In this context, customer discovery is the process by which research is done to explore, understand, and structure the key pain points and desired outcomes for your prospects and customers in your target markets. The intent is to understand the needs of each target market as a synthesis of the needs of its prospects and customers through a variety of discovery methods. In the end, it is critical for the product manager to focus on market-based opportunities and not customer one-off unique capabilities. The heroes of discovery are a deep understanding of the customer pain points and desired outcomes. Effective discovery leads to data-driven product planning that can drive prioritization based on the collective voice of the market. A data-driven market perspective will build confidence in the company’s understanding of the market.

The core objective of discovery is to accumulate a detailed understanding of the class of business problems from the perspective of the customer.

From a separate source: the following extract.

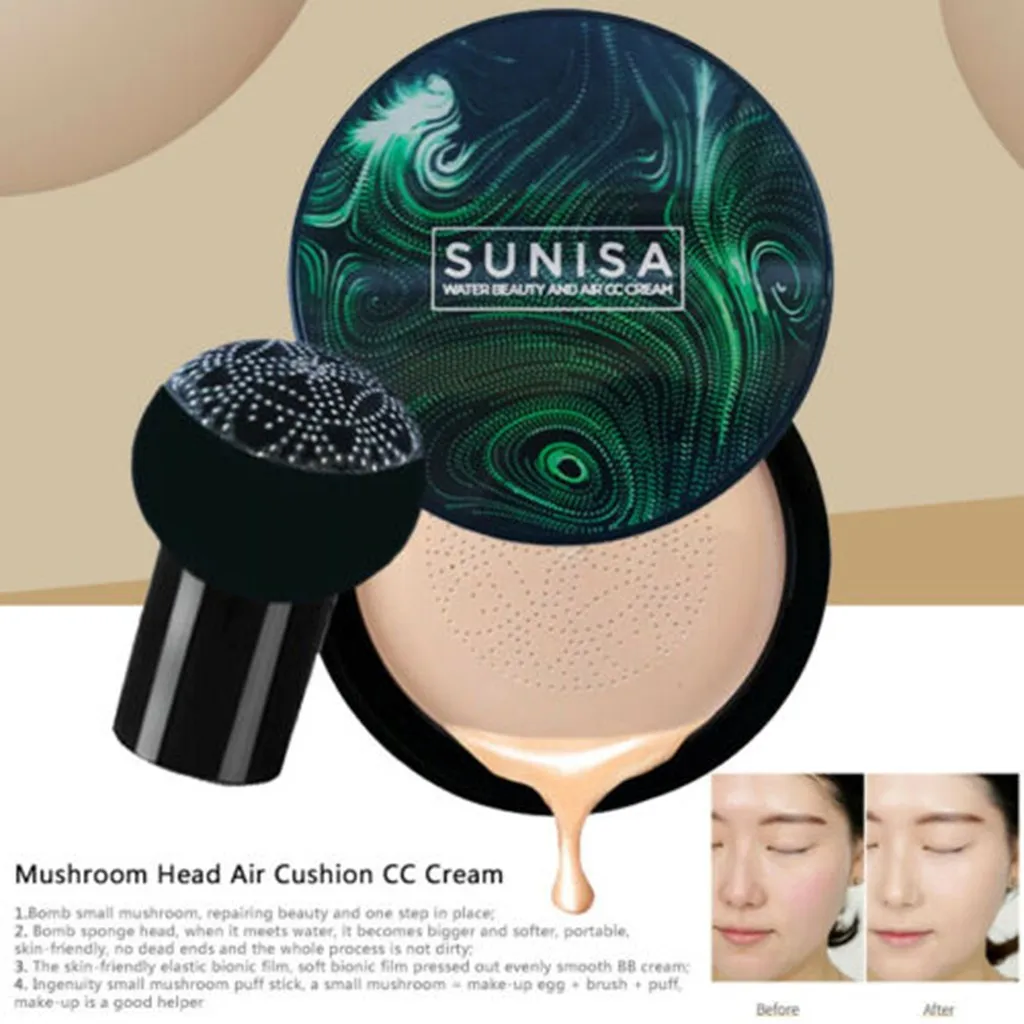 Воздушная подушка B.b Крем Водонепроницаемый осветляет консилер тональный крем +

Customer discovery answers the following questions:

  • What are the key user, manager, and executive roles involved in the business process?
  • What are the key pain points for people who occupy these roles?
  • What outcomes do they desire?
  • What are the relative priorities of these outcomes in terms of importance and current satisfaction with existing methods of accomplishing these outcomes?
  • What product opportunities exist to address and deliver on these outcomes?

There are a number of customer discovery methods that have emerged in the product world. They include the work of Steve Blank on customer discovery, the Jobs To Be Done (JTBD) FrameworkAmazon’s Working Backwards, various approaches to customer interviewing and focus groups, and surveys. The problem is, with the exception of surveys, I have not seen robust automated tools to support the various customer discovery methods. Furthermore, I am not aware of customer discovery platforms that integrate the data gathered from the various customer discovery methods for the purposes of aggregate analysis and insights.

Key questions to be examined regarding a customer discovery platform include:

  • What is the nature of the workflow required for end-to-end customer discovery?
  • How does problem clarity and risk influence the customer discovery process?
  • What aspects of customer discovery can (and cannot) be automated?
  • What are the leading customer discovery methods and tools, and how might they be integrated into a customer discovery repository?
  • What role could AI/ML play in identifying patterns better than humans?
  • What decisions would you always want to leave in the hands of humans, and how can you support that through technology?

I see the customer discovery platform category as a white space of product opportunity. I would like to know how CPOs and product managers are addressing the need for automated customer discovery support tools and a customer discovery platform.